Его мать, Александра Абрамовна, была женщиной мягкой, образованной, внушавшей к себе уважение. Борис был внешне похож на мать. Я помню её высокой, стройной, светлоглазой. Прямые волосы придавали мужественность её мягким чертам. Добрая улыбка не сходила с её лица, и вместе с тем в её лице чувствовалась способность к подвигу — во имя детей, во всяком случае. <...> Она угадывала высокое предназначение сына, и чувство её не обмануло. Дочь учителя русского языка, она не только поняла, но и одобрила выбор сыном литературного пути.

Постепенно Борис перезнакомился с молодыми людьми, пишущими стихи. В момент знакомства с Мишей Кульчицким, неистово исходящим стихами, Борис ещё не сочинял их.

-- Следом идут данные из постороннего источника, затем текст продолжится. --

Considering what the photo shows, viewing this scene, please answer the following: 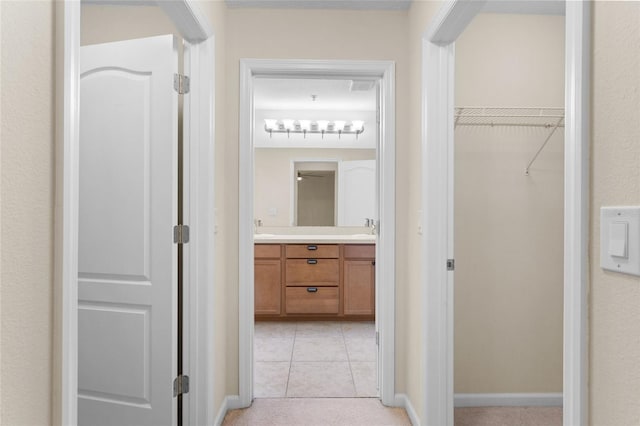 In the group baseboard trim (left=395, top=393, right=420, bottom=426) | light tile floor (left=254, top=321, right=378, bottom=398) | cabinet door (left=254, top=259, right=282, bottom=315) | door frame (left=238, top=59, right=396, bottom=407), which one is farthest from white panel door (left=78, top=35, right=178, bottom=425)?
cabinet door (left=254, top=259, right=282, bottom=315)

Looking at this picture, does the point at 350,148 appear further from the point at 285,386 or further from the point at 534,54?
→ the point at 285,386

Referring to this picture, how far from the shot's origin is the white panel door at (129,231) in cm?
193

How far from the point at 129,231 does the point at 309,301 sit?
2533mm

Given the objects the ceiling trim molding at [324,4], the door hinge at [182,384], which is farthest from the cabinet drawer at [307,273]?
the ceiling trim molding at [324,4]

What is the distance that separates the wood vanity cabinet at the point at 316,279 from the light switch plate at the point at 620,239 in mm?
3446

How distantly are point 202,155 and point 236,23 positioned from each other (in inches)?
38.3

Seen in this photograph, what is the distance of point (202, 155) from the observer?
2.04 m

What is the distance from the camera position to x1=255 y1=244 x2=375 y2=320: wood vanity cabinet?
167 inches

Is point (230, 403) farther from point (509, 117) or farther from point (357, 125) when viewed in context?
point (357, 125)

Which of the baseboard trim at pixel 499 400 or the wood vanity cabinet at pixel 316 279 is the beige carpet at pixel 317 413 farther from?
the wood vanity cabinet at pixel 316 279

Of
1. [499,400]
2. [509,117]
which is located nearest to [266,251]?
[499,400]

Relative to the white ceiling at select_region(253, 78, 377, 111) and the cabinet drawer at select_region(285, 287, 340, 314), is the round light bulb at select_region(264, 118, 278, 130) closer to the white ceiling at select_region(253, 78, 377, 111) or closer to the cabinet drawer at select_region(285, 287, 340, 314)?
the white ceiling at select_region(253, 78, 377, 111)

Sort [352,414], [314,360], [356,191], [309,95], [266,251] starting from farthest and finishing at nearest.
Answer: [356,191]
[266,251]
[309,95]
[314,360]
[352,414]

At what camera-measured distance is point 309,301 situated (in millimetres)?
4242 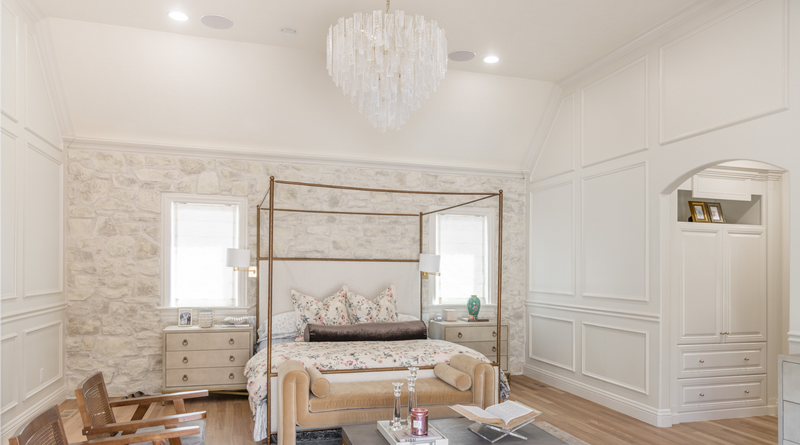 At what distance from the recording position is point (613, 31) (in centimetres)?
455

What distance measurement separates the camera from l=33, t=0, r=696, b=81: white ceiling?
4.07 meters

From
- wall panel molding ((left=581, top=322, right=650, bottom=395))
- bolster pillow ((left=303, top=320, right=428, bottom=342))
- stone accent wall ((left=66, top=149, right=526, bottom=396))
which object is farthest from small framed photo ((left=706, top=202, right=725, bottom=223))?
stone accent wall ((left=66, top=149, right=526, bottom=396))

Олеся Кульчицкая, сестра Миши:

Помню его шестнадцатилетним, ещё до войны. Он часто приходил к нам, к брату. Держался спокойно, с достоинством. Другие ребята запросто, иногда шумно, проходили прямо в комнату к Мише. Борис же задерживался, обязательно здоровался с домашними. Наш отец, Валентин Михайлович, если бывал дома, любил беседовать с Борисом — не столько беседовал, сколько задавал ему вопросы, а потом заинтересованно выслушивал всё, что тот отвечал. Миша, посмеиваясь, приобняв Бориса за плечи, старался поскорее увести друга к себе. Ребят у Миши бывало много, но приходу Бориса он особенно радовался. В семье хорошо относились к их дружбе.